Getting through a divorce is overwhelming; whether or not you were the one who chose to leave your marriage; you must rearrange almost every aspect of your life. The task of family lawyers is to help clients think clearly about how their lives will be after divorce and to make a feasible plan for being financially independent. While family members and friends who have been through a divorce are the best sources of advice about co-parenting with your ex-spouse and about dating after divorce, family law attorneys are in a unique position to give clients unbiased and credible advice about managing their finances after a divorce. You probably know more about your clients’ finances than your clients’ friends do, even if the clients freely confide in their friends about their money problems. It is in the interest of family law attorneys to publish informative content on their website to help people who are considering divorce and who are representing themselves in their divorce or parenting plan cases make wise decisions about their post-divorce finances. Here are some tax planning tips to consider.

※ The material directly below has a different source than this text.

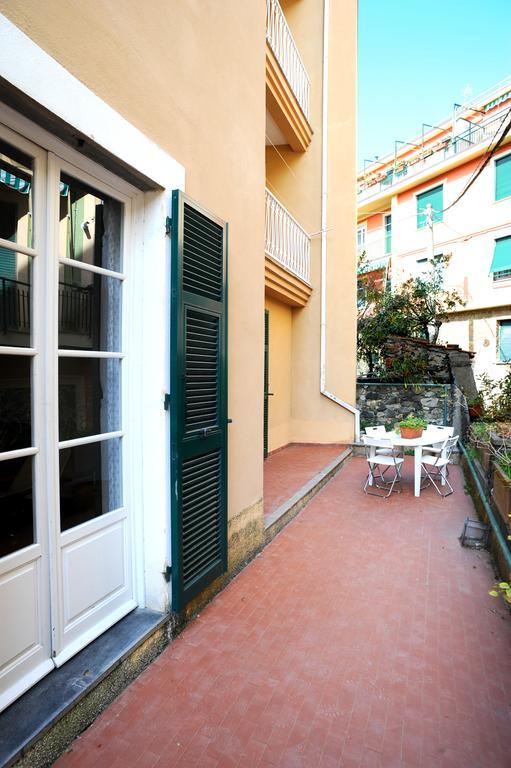 Sivori Apartment Bonassola Zewnętrze zdjęcie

Tax Planning: What Does and Does Not Count as Taxable Income?
Filing income taxes is stressful, even if you are young and single or even if you are happily married. By the time you finish paying taxes, you always end up with less money than you think you had, even though the IRS seems to think that you are rolling in dough. Things only get more complicated after you get divorced. The reason Divorce Monday is a thing is that couples hope to simplify their tax situation by filing for divorce at the very beginning of the year in order to make a clean break between tax years. Divorce Monday is where couples file for divorce on the first business Monday of the year; there are more divorce filings on this day than on any other day of the year, but this only solves one divorce-related tax problem.
There is still the question of which divorce-related transfers of money are taxable and to whom. Child support payments are not taxable income; the idea is that the children, not tax-paying parents, are receiving the money, and the parents are already getting a tax break by claiming the children as dependents. Until the end of 2018, alimony counted as taxable income for the recipient and as a tax-deductible expense for the paying spouse. Now, the court order that formalizes the alimony award must indicate whether the alimony is taxable for the recipient and tax-deductible for the paying spouse; this rule applies whether the alimony award arises from a marital settlement agreement (MSA) or a judge’s decision at trial.

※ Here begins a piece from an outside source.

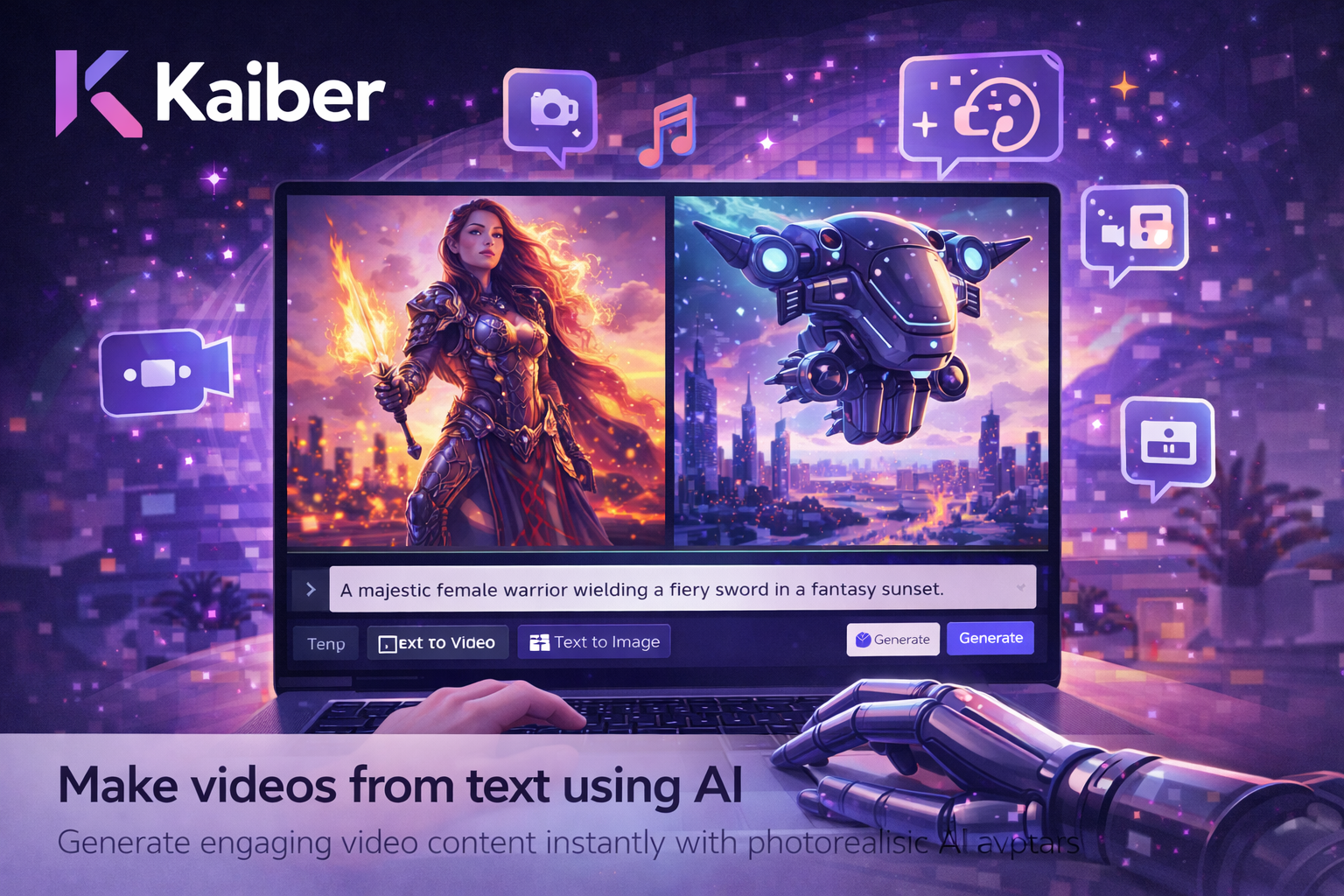 Kaiber Review (2026): Pricing, Features, Pros & Cons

Since the courts divide marital debt as well as marital assets, many recently divorced people apply for various kinds of debt relief since, on a single income, they cannot afford the payments on their share of the marital debts.
Claiming Children as Dependents on Tax Returns
Dividing parental responsibility for the financial support of children sounds simpler than it is. The parents agree to a parenting plan, and then, based on each parent’s income and number of parenting days in the year, the court calculates child support according to a legally determined statewide formula. This is not the whole story, though. The parents must also agree on matters such as which parent must carry health insurance coverage for the children and which parent may claim the children as dependents on his or her tax returns. These issues are sometimes a source of conflict in divorce.

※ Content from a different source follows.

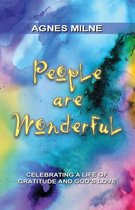 Omslag People Are Wonderful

How Family Law Attorneys Can Help Clients Cope With Post-Divorce Tax Matters
Family law attorneys must counsel their clients about all of the legal and financial matters associated with divorce. Sometimes parents are surprised to find out about what a tough time they will have financially after divorce, and this leads to ex-spouses arguing about every parenting-related expense and eventually going back to court and spending more money on litigation. By the time the children reach adulthood, everyone is broke, and everyone is fed up with each other.
If your clients have ever been caught off guard by one of the ways that divorce and co-parenting can affect their taxes, look at this as an opportunity to educate all of your clients about it. You should write questions about them on the FAQ page of your website. Tax questions are also a good subject for digital marketing content, such as blog posts and videos. You do not have to advertise your law firm in this content; by providing straightforward answers to clients’ questions, you are enhancing your law firm’s reputation.